There is an easy way to calculate the resistance of 2 resistors in parallel:

Rtotal = (R1 * R2) / (R1 + R2)

Here is the proof, for those interested:
1/Rt = 1/R1 + 1/R2
1/Rt = (R2 + R1) / (R1 * R2)
1 = ((R2 + R1) / (R1 * R2))*Rt
(R1 * R2) / (R1 + R2) = Rt

Example

A resistors of 10k is connected in parallel with a resistor of 4k7, what is the current through them and the voltage across each one individually?



Answer

Because R1 and R2 are connected in parallel, the voltage over R1 equals the voltage over R2 namely 3.3V.
Let's calculate the rest:
I1 = V*R1
= 3.3V/4k7
= 0.7mA

I2 = V*R2
= 3.3V/10k
= 0.33mA

Rt = (R1*R2)/(R1+R2)
= 47k/14k7
= 3k2

Resistors as voltage dividers

In many circuits you'll see resistors used as voltage dividers. In the circuit below we have a 3.3V input voltage and want to calculate the voltage at point Vout. Because the resistors are in series, we know that the total voltage (3.3V in this example) will be divided between R1 and R2. A simple formula to calculate the potential (voltage) at point Vout is:

Vout = Vin * R2 / (R1+R2)

Here is the proof:
(1) Itotal = V1 / (R1 + R2)
(2) Vout = Itotal * R2
Substituting (1) in (2):
Vout = (V1/ (R1 + R2)) * R2
= V1 * R2 / (R1 + R2)
= Vin * R2 / (R1 + R2)



For the above circuit:
Vout = Vin * R2 / (R1 + R2)
= 3.3V * 10K / (10K + 4K7)
= 2.24V

Inductors are coils of wires, wound around some magnetic material and then packaged. The final configuration take a wide variety of forms and appearances. Values may range from fractions of milli-henrys to fractions of henrys.

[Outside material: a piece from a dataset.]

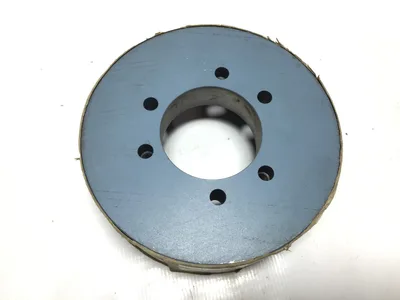 Baldor Maska 3C90 E Sheave Pulley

Coils are the only passive components in common use that may display significant non-linear characteristics. The behavior of inductors is based in phenomena associated with magnetic fields. The source of the magnetic field is charge in motion, or current. If the current is varying with time, the magnetic field is varying with time. A time-varying magnetic field induces a voltage in a by conductor linked by the field. The circuit parameter of inductance relates the induced voltage to the current.

Energy can be stored in magnetic fields and inductors are capable of storing energy. For example, energy can be stored in an inductor an then released to fire a spark plug. Inductors are passive devices because they can not generate energy.

Inductance is the circuit parameter to describe an inductor. Inductance is symbolized by the letter L, measured in henrys (H), and it is represented graphically as a coiled wire.

Inductors with Sine Wave Voltage and Current

1. Recall that an inductor opposes any change in current. When a sine wave voltage is applied to an inductor, the current through the inductor is constantly changing.

2. Also recall that an inductor opposes changes in current. The inductor accomplishes this by developing a voltage across the coil with a polarity that would oppose the cause of the changing current.